Islam radikal. Begitulah istilah yang dilekatkan pada kelompok-kelompok Islam tertentu, dan kini sedang menjadi wacana publik secara hangat. Meskipun beberapa kalangan memakai istilah yang berbeda dalam menyebut mereka—Islam fundamentalis oleh Oliver Roy; revivalisme Islam oleh John L Esposito; gerakan Islam militan oleh Lee Iiuan YeNc; Islam antiliberal oleh Robert W. Hefner; ekstremisme Islam oleh Muhammad Abid Al Jabir, Islam skripturalis oleh R. William Lidle—namun pada dasarnya arah yang hendak dituju oleh istilah itu adalah sama.
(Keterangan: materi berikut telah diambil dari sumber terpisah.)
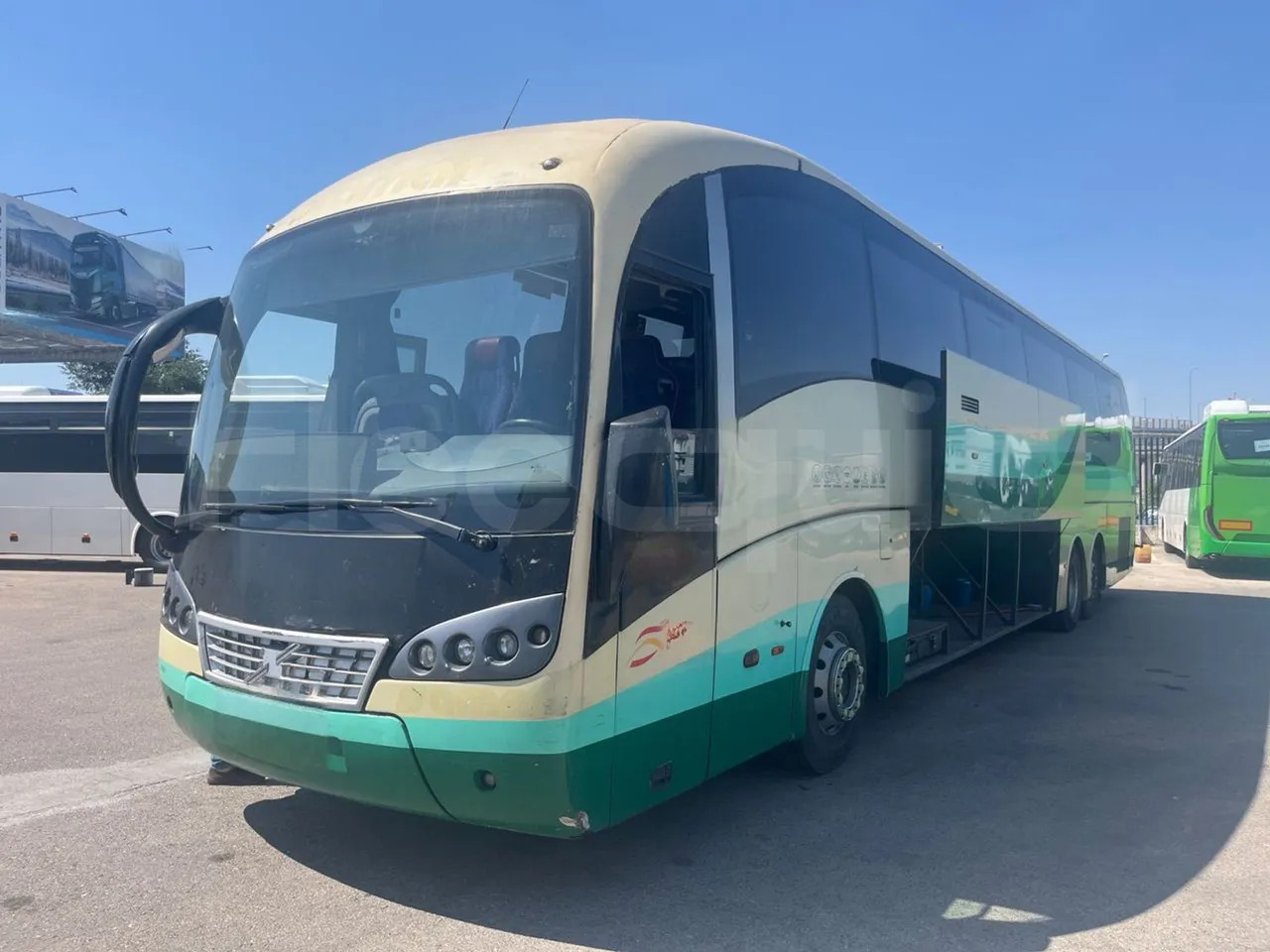 Volvo B12B - Coach: picture 3 Volvo B12B - Coach: picture 3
Kelompok mana saja yang dimasukkan dalam kategori radikal itu? Dalam “Topik Utama” Majalah Dwimingguan Panjimas (13-15 Desember 2002) dipaparkan beberapa kelompok Islam radikal itu, yaitu: FPI (Front Pembela Islam), Laskar Jihad – Forum Komunikasi Ahlussunah Waljamaah, Hizbut Tahrir Indonesia, Majelis Mujahidin Indonesia, KISDI (Komite Solidaritas untuk Dunia Islam), PPMI (Persaudaraan Pekerja Muslim Indonesia), HAMMAS (Himpunan Mahasiswa Antar Kampus), Ikhwanul Muslimin (pimpinan Habib Husain AI-Habsyi), dan Gerakan Tarbiyah.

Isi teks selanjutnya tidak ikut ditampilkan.